They are listed only so that there can be no ambiguity when terms such as vector space or linear transformation are used later, and are not intended as a brief course in linear algebra. After establishing our rules, certain basic notions pertaining to inner product spaces will be touched upon.
In particular, certain inequalities and equalities will be stated. Then a rather natural extension of the notion of orthogonality of vectors from the euclidean plane is defined. Just as choosing a mutually orthogonal basis system of vectors was advantageous in two- or three-dimensional euclidean space, there are also certain advantages in dealing with orthogonal systems in higher dimensional spaces.
A result proved in this chapter, known as the Gram-Schmidt process, shows that an orthogonal system of vectors can always be constructed from any denumerable set of linearly independent vectors. Focusing then more on the finite-dimensional situation, the notion of the adjoint of a linear transformation is introduced and certain of its properties are demonstrated.

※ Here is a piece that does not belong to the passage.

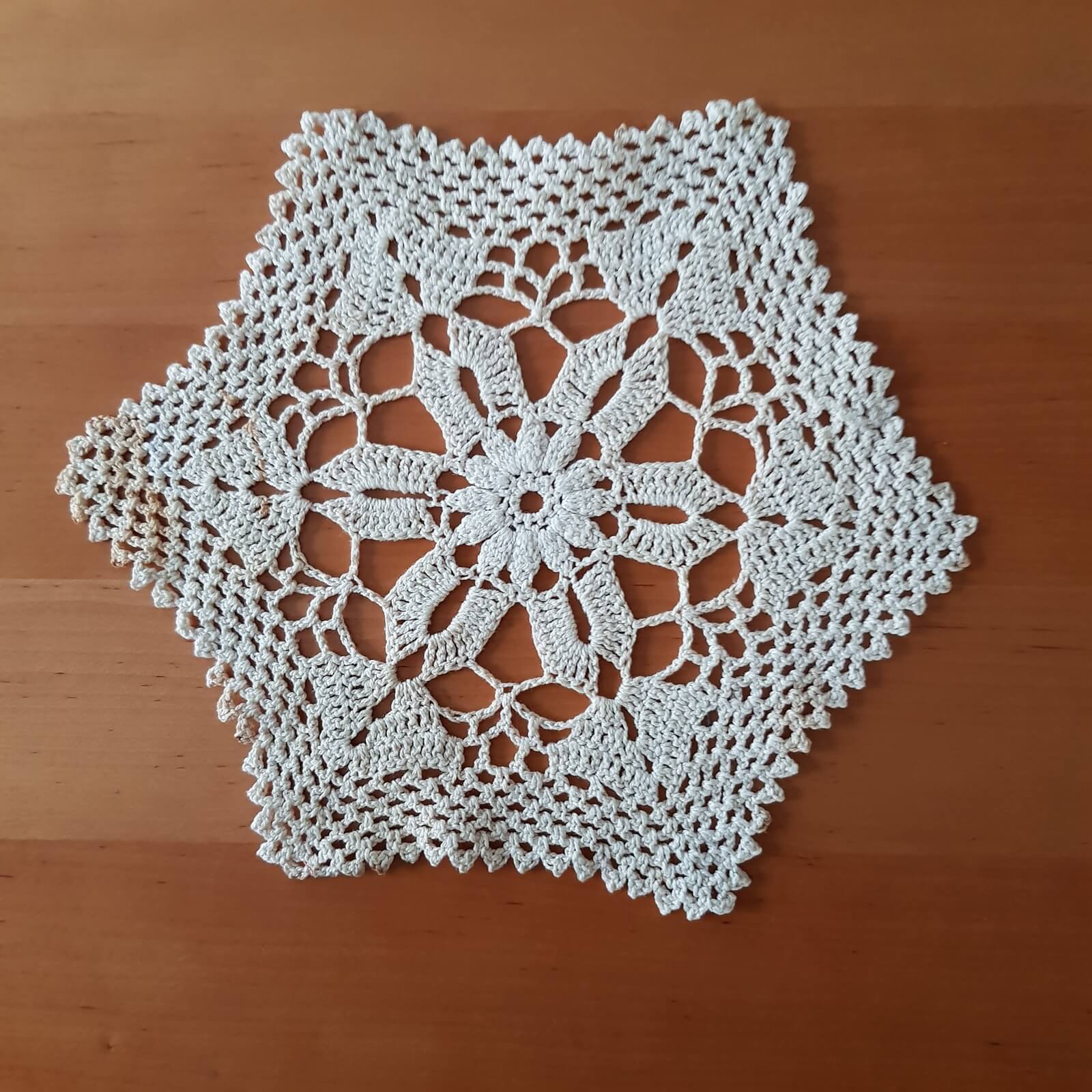 gehäkeltes Deckchen handmade vintage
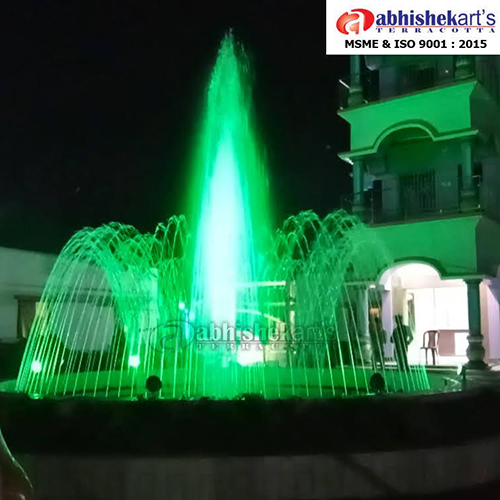 Outdoor Ring Fountain - Color: White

We shall often describe the above situation by saying that X is a vector space over F and shall rather strictly adhere to using lower-case italic letters especially x , y , z , … for vectors and lower-case Greek letters for scalars. The additive identity element of the field will be denoted by 0, and we shall also denote the additive identity element of the vector addition by 0. We feel that no confusion will arise from this practice, however. A third connotation that the symbol 0 will carry will be the transformation of one vector space into another and mapping every vector of the first space into the zero vector of the second.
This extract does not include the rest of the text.